(Web page caption snippets)
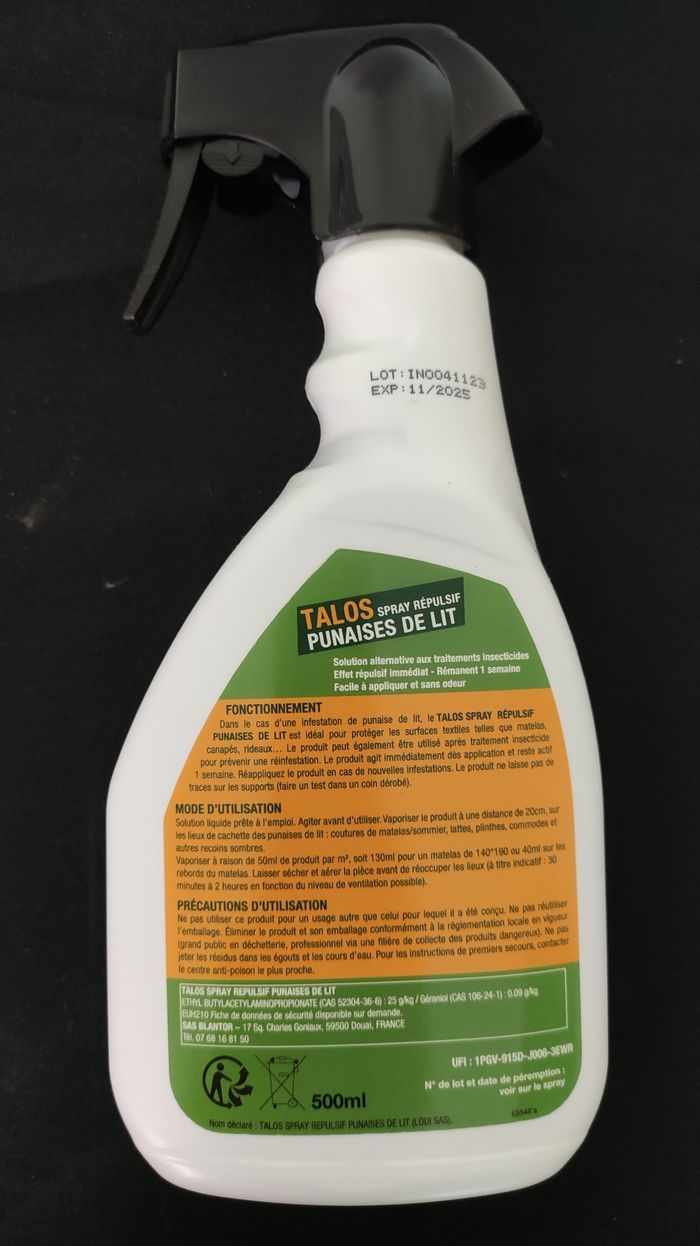 Talos spray répulsif anti punaise de lit - photo numéro 3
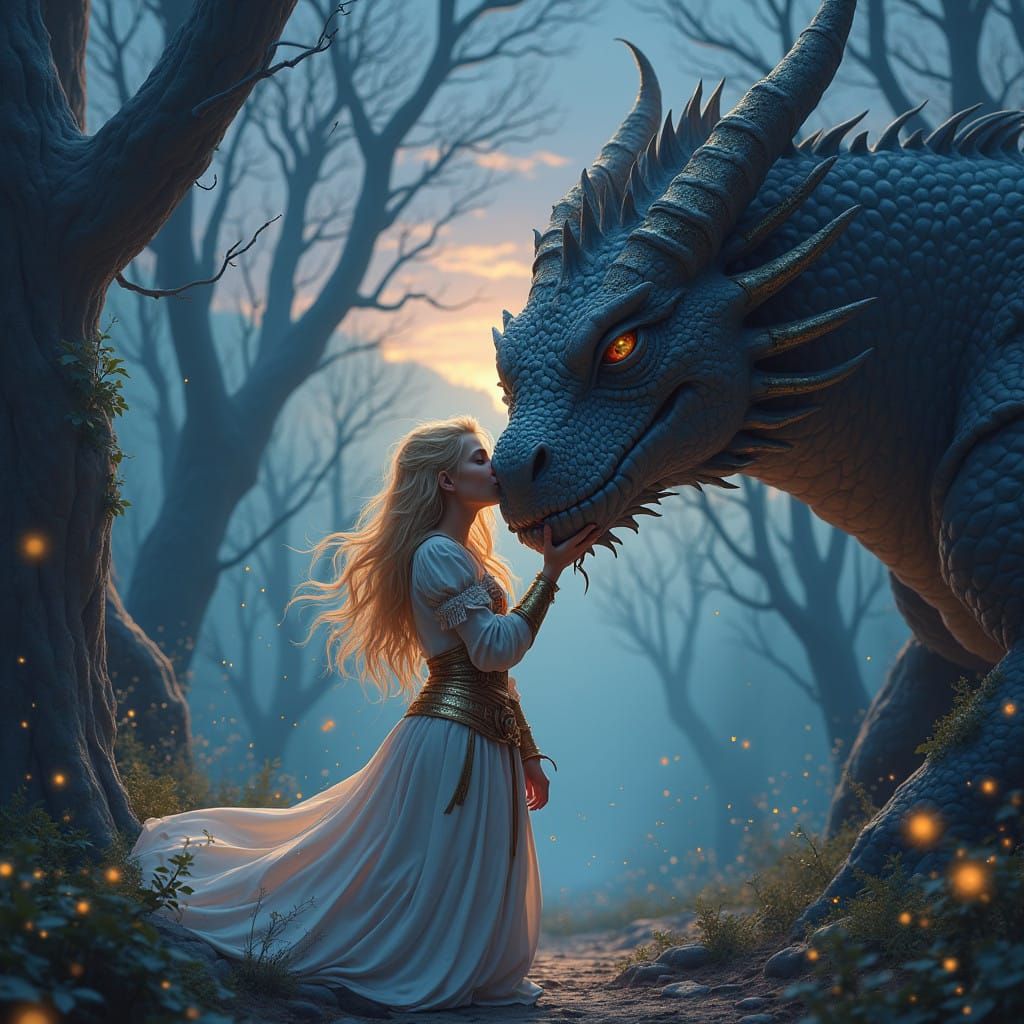 Majestic Dragon and Blonde Warrior in Ancient Forest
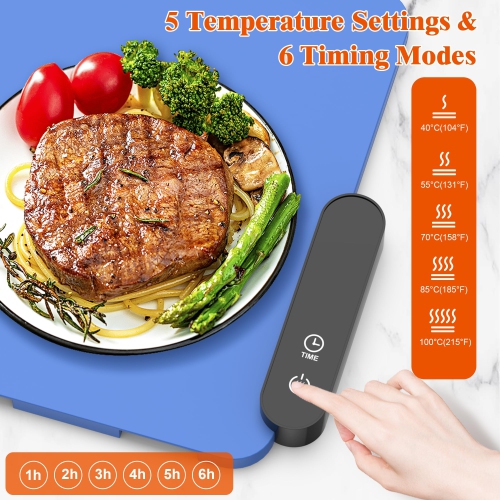 Bojinsey Electric Warming Tray, Silicone Warming Mat with 5 Temperature Settings and Timing Function Fast Heating Electr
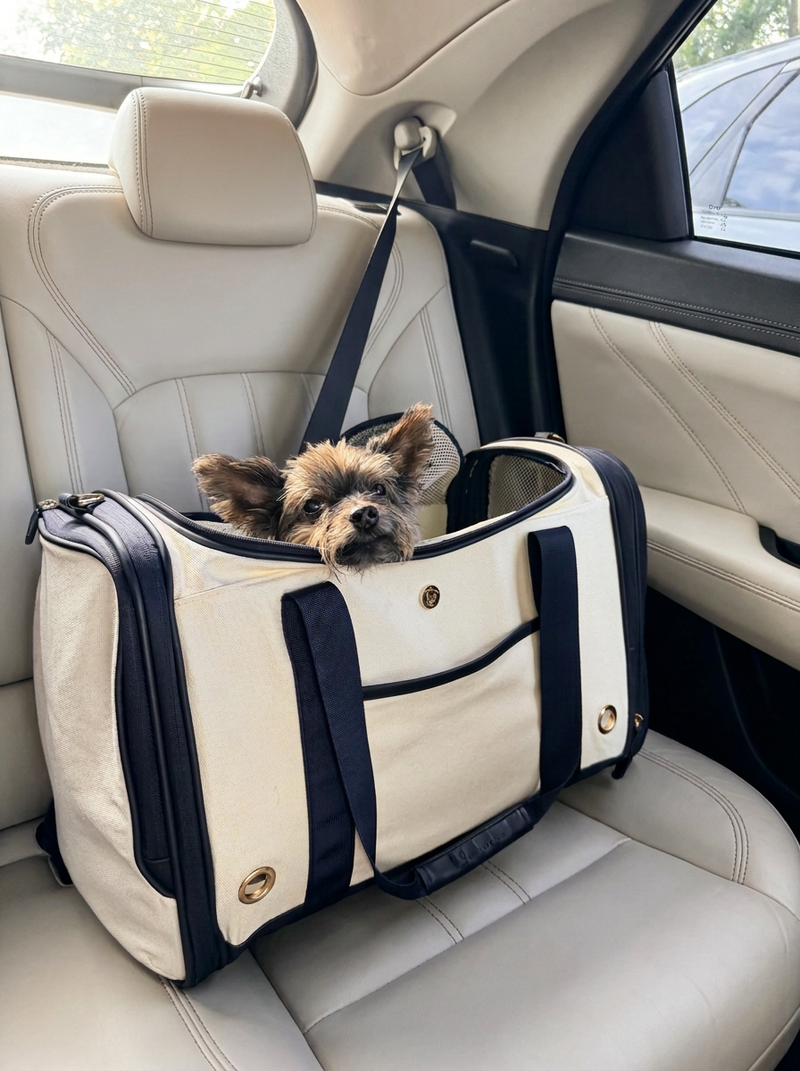 Yorkshire Terrier im Hundecarrier auf dem Rücksitz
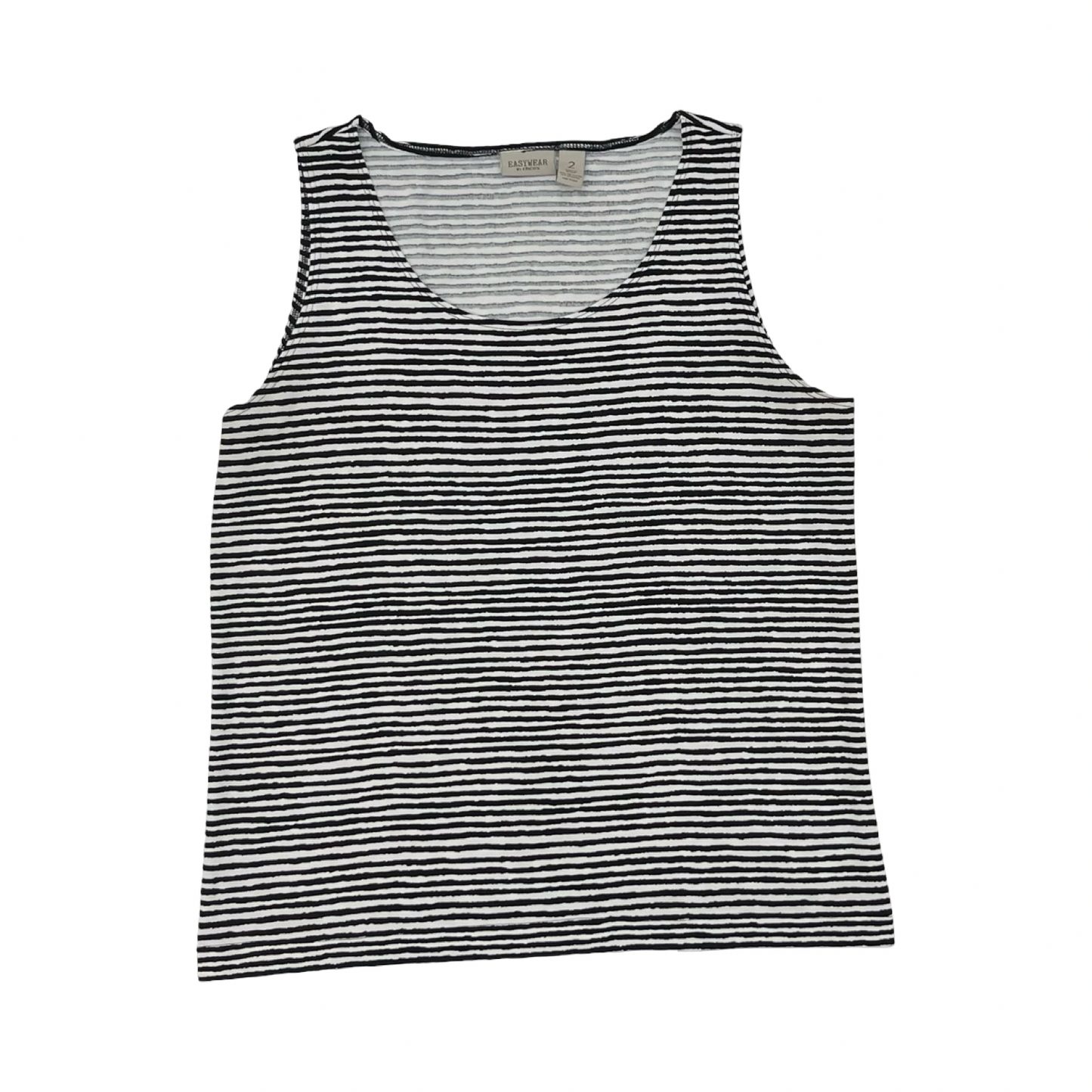 Blouse Sleeveless By Chicos In Black & White, Size:L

[Work task] The records above are to be restated exactly, with all pictures omitted.

[Reply]
 Talos spray répulsif anti punaise de lit - photo numéro 3
 Majestic Dragon and Blonde Warrior in Ancient Forest
 Bojinsey Electric Warming Tray, Silicone Warming Mat with 5 Temperature Settings and Timing Function Fast Heating Electr
 Yorkshire Terrier im Hundecarrier auf dem Rücksitz
 Blouse Sleeveless By Chicos In Black & White, Size:L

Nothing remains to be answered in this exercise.